Fucking bootlicking piece of ass

[–] SuperNovaStar@lemmy.blahaj.zone 4 points 4 hours ago

As much as I want to call out bootlickers, it would honestly be weirder if they didn't continue the tradition.

Headline might as well be "Trump first president to prefer Diet Coke."

[–] Delphia@lemmy.world 47 points 18 hours ago (1 children)

You know every time he does something, someone in the comments makes an idiocracy reference and we all roll our eyes because "Yeah, theres the low hanging fruit guy coming to farm votes" like its an original thought.

Well... Its my turn.

"This Inauguration brought to you by Diet coke. DIET COKE, IF YOU DONT DRINK IT FUCK YOU!"

[–] aeronmelon@lemmy.world 7 points 15 hours ago

Except Idiocracy didn’t go far enough. Drumph isn’t going to walk around saying he’s sponsored by Coca-Cola, Coca-Cola is going to go around saying they’re sponsored by him.

“The Coca-Cola Company, sponsored by Donald Trump.

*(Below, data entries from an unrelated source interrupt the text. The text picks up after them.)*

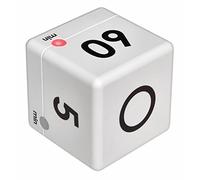 TFA Dostmann Digital Cubo. Temporizador, plástico, Blanco, 6 x 6 x 6 cm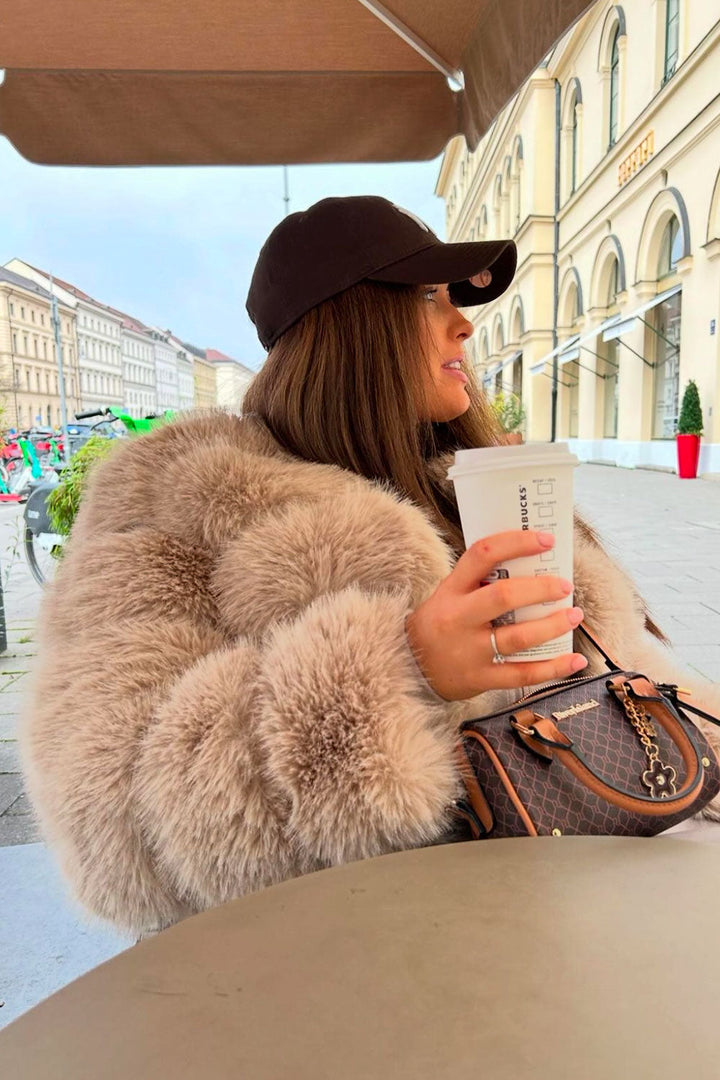 Danna |  Women’s faux fur bubble coat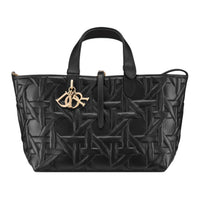 DIOR Cow Leather Native Bag, One Shoulder Handbag Medium Size Women's Black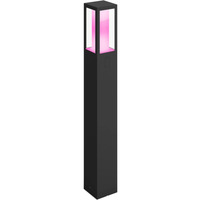 Philips Hue Hue White & Color Ambiance Lampadaire de chemin Impress, Lumière LED Noir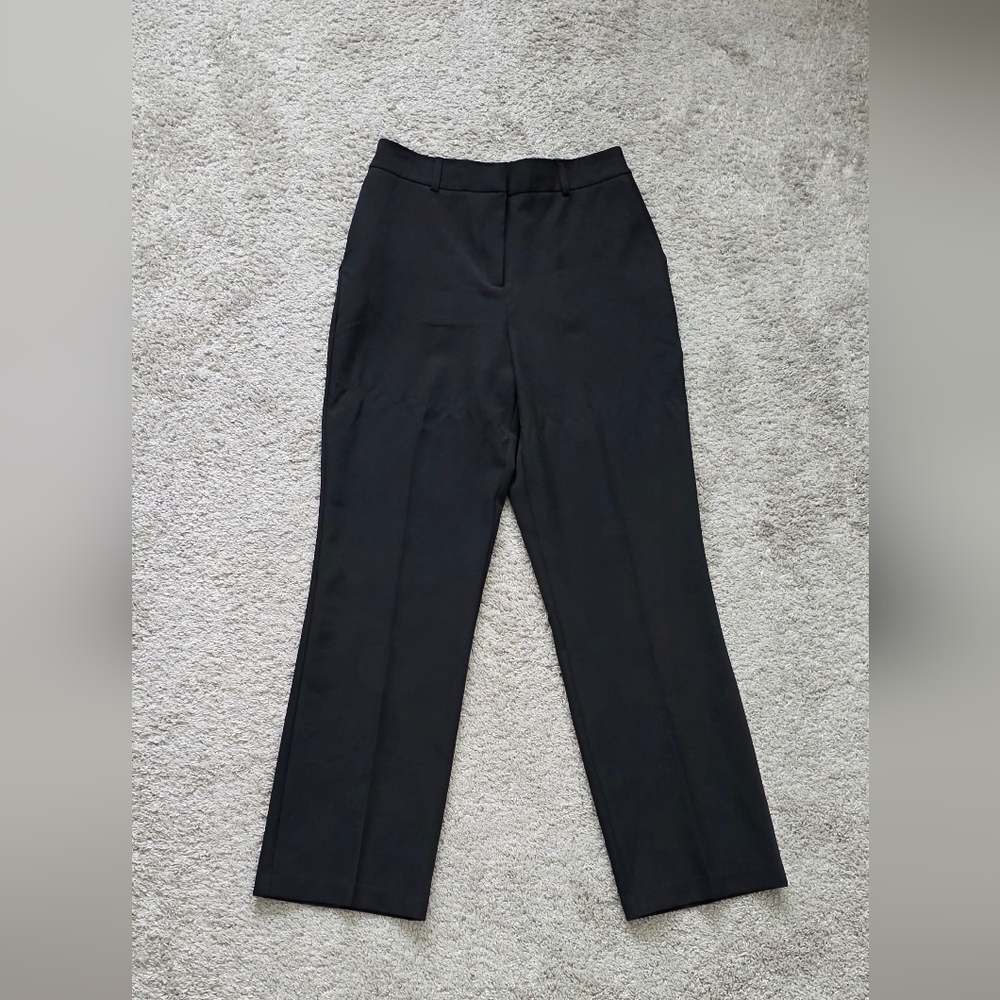 Rachel Zoe Black Relaxed Straight-Leg Trousers (Size M)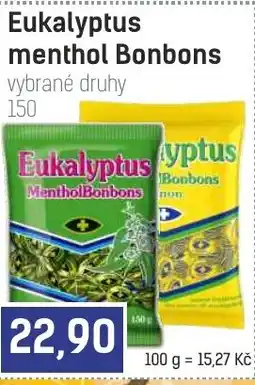 Konzum Eukalyptus menthol bonbons nabídka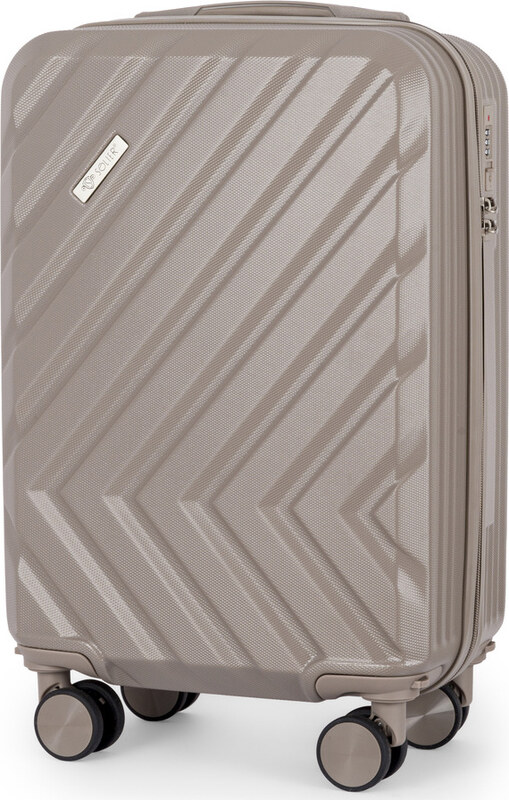 BASIC SOLIER champagne cestovní kufr KYOTO vel. S Zlatá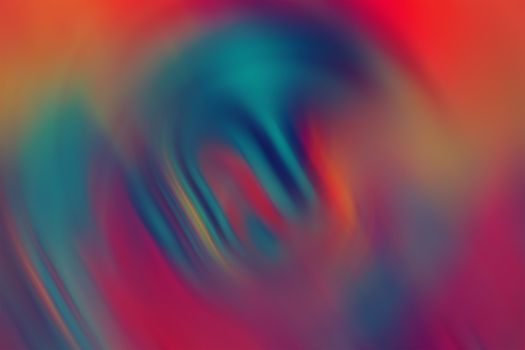 A colorful, vibrant abstract swirl blending red, blue, and orange hues.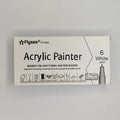 6-Pack Black and White Acrylic Markers for Art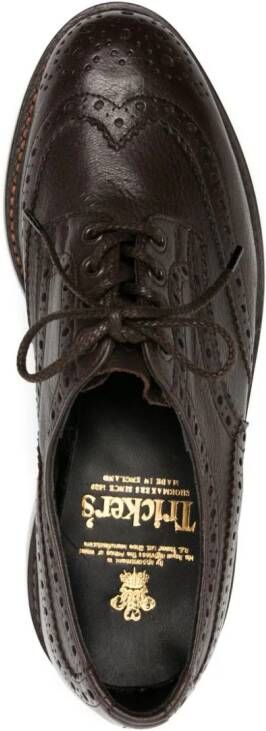 Tricker's Stow perforated leather brogues Brown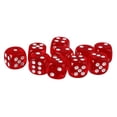 thumbnail image 3 of Paquete de 10 dados D6 Acrílicos de Seis caras Baoblaze color Rojo, 3 of 8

Donald Trump - Fuck you!”

[–] Rentlar@lemmy.ca 77 points 20 hours ago (2 children)

In other words: Coca-cola doesn't have a million to burn like the other oligarchs but wants to make Donny Two-Scoops feel like their special boy.

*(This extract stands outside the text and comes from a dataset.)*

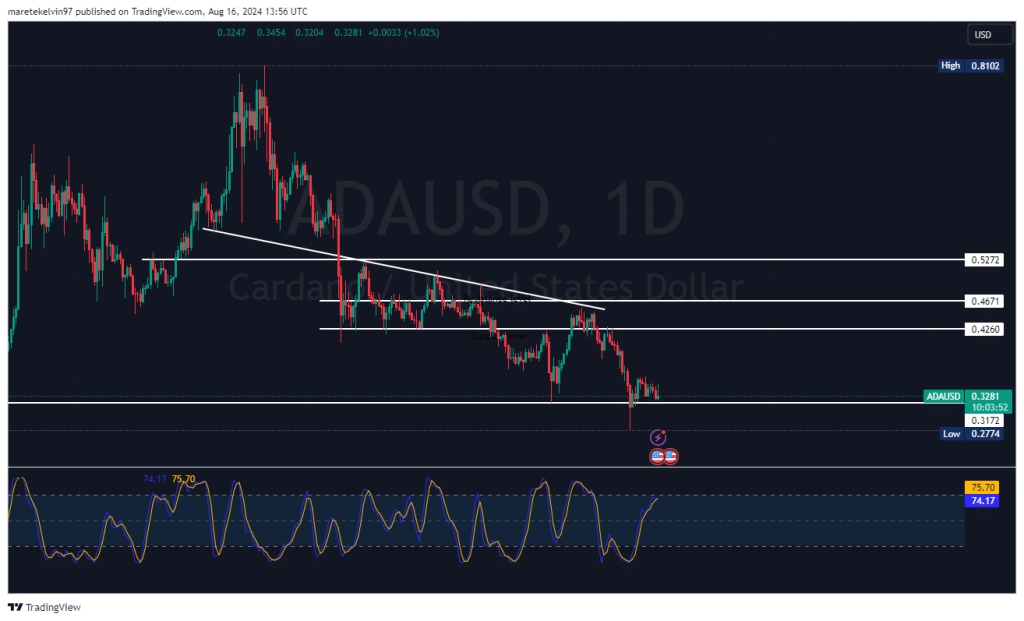 cardano-koers-steunpunt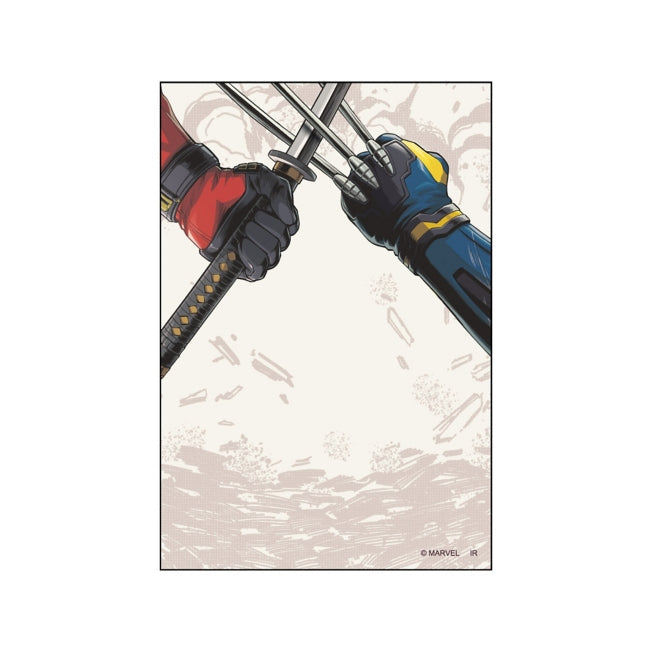 Deadpool & Wolverine Pata Pata Memo Japan Disney Store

[–] MimicJar@lemmy.world 63 points 18 hours ago

In other words, Coca-Cola realized that they don't need to spend $1 million dollars, they can just slap "Special Boy" on a bottle for 6 cents and achieve the same result.

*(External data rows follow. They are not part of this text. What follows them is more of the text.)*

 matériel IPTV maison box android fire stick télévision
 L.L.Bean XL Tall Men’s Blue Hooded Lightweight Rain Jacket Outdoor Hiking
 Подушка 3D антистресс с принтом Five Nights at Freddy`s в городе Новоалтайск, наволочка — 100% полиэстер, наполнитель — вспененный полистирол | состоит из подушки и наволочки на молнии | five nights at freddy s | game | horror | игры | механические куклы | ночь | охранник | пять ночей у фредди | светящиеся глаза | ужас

[–] PrettyFlyForAFatGuy 22 points 17 hours ago

You don't think the coca cola company has a million to burn?

THE COCA COLA COMPANY?!!

They just know that donny will lap this tat up and ask for seconds

[–] QubaXR@lemmy.world 31 points 20 hours ago (2 children)

Did Coke just call him fat?

[–] possiblylinux127@lemmy.zip 1 points 4 hours ago

It was diet Coke

It is basically health food

[–] BoobaAwooga@lemmynsfw.com 18 points 19 hours ago (1 children)

Nah according to people from last time he was president he drinks this shit a LOT

[–] undefined@lemmy.hogru.ch 19 points 18 hours ago (1 children)
[–] Lemminary@lemmy.world 11 points 17 hours ago* (last edited 17 hours ago) (1 children)

Holy shit it's not a joke.

Also:

James Corden has said that Joe Biden has an "ice cream button" on his desk.

Quickly, Ben & Jerry's, you still got a few days left!

[–] possiblylinux127@lemmy.zip 1 points 4 hours ago

I like this timeline

[–] arandomthought@sh.itjust.works 13 points 19 hours ago

I saw the community this was posted in and my brain somehow removed the "not" in "not the Onion". I was like "haha, oh the Onion. They still got it."

Then I looked at the community again...

[–] IDKWhatUsernametoPutHereLolol@lemmy.dbzer0.com 13 points 20 hours ago (2 children)

Can coca cola please gift him more non-diet cokes so he can get diabeetus and die

[–] possiblylinux127@lemmy.zip 0 points 4 hours ago

That's kind of a terrible thing to say. I wouldn't wish death or diabetes on anyone.

With that being said, Coke and Pepsi are slowly killing America

[–] PunnyName@lemmy.world 4 points 18 hours ago

Or just Diet Coke laced with polonium.

[–] Soulifix@kbin.melroy.org 8 points 20 hours ago (2 children)

Want to know something funny?

Coke won't allow anyone to put Jesus on Coke, but they'll happily put Trump on it.

[–] nightofmichelinstars@sopuli.xyz 11 points 19 hours ago

Trump's probably a much better customer than Jesus.

[–] NoneOfUrBusiness@fedia.io 1 points 16 hours ago

I might not understand how Christianity does these things, but wouldn't putting Jesus on coke be sacrilegious as fuck?